● What you will do: The entries that follow must be written out exactly, without any of the pictures they contain.

*** Opening of Record extracts ***

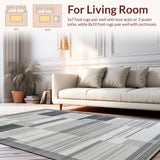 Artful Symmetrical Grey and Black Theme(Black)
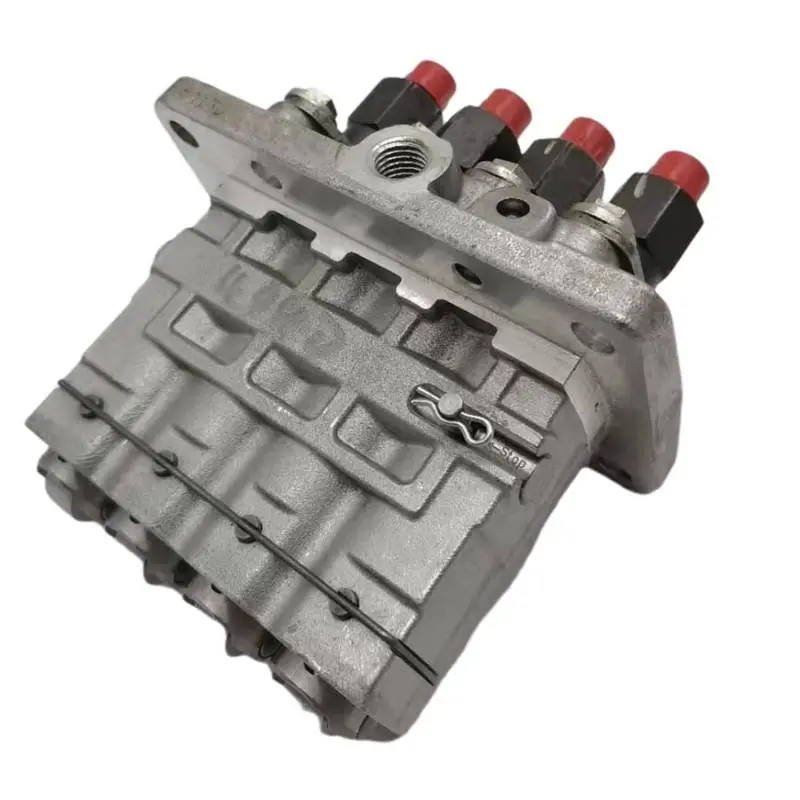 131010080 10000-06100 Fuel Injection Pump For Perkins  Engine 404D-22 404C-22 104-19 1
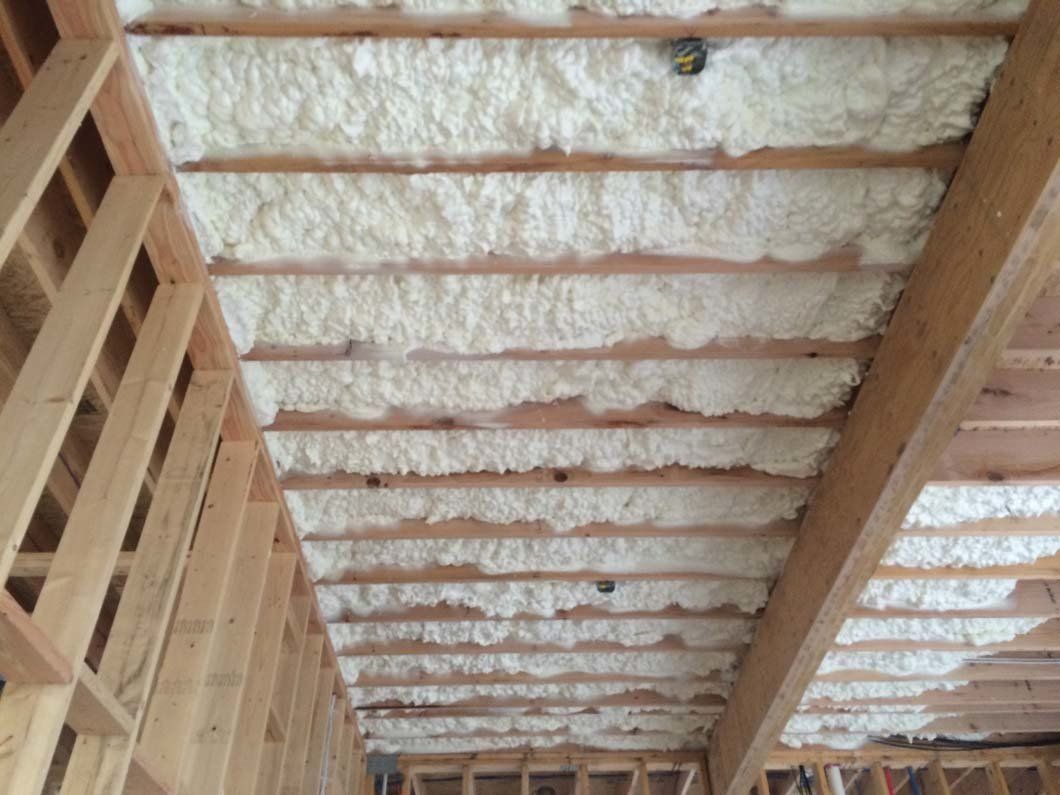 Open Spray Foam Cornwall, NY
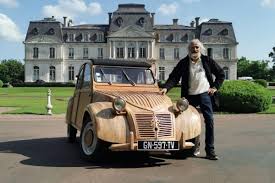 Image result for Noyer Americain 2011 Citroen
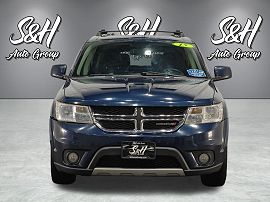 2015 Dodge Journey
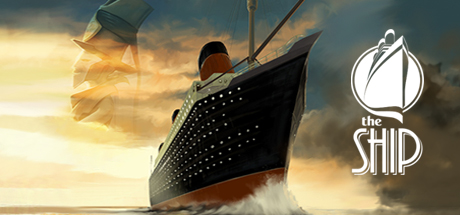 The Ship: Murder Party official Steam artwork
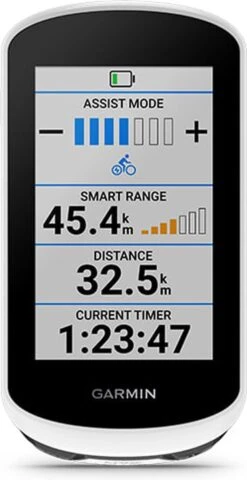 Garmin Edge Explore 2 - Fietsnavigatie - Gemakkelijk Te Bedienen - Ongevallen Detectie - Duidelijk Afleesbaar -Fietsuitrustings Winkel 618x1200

*** Close of Record extracts ***

● Answer section:
 Artful Symmetrical Grey and Black Theme(Black)
 131010080 10000-06100 Fuel Injection Pump For Perkins  Engine 404D-22 404C-22 104-19 1
 Open Spray Foam Cornwall, NY
 Image result for Noyer Americain 2011 Citroen
 2015 Dodge Journey
 The Ship: Murder Party official Steam artwork
 Garmin Edge Explore 2 - Fietsnavigatie - Gemakkelijk Te Bedienen - Ongevallen Detectie - Duidelijk Afleesbaar -Fietsuitrustings Winkel 618x1200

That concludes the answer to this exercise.